= Supplied information =
..........

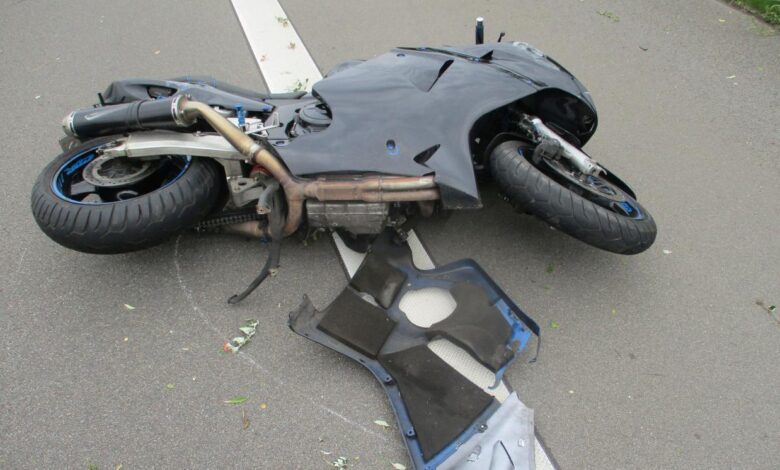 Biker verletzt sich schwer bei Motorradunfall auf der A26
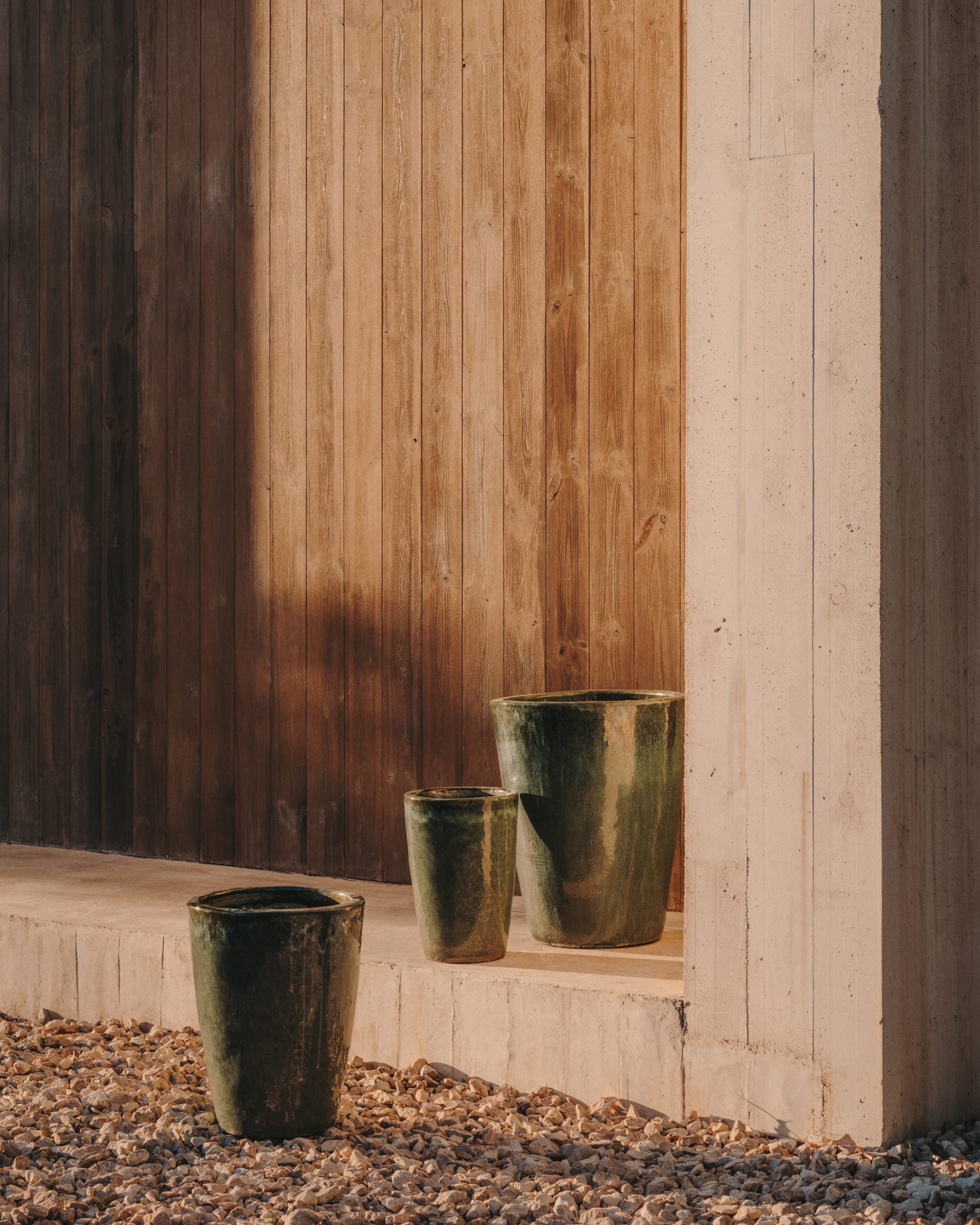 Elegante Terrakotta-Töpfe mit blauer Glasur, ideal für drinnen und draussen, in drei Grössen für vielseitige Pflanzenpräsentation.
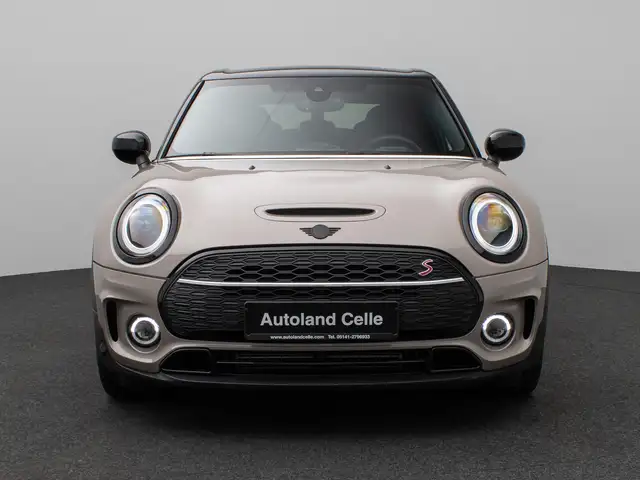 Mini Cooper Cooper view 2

..........

Quote all the lines above exactly as given. Do not include the pictures.

 Biker verletzt sich schwer bei Motorradunfall auf der A26
 Elegante Terrakotta-Töpfe mit blauer Glasur, ideal für drinnen und draussen, in drei Grössen für vielseitige Pflanzenpräsentation.
 Mini Cooper Cooper view 2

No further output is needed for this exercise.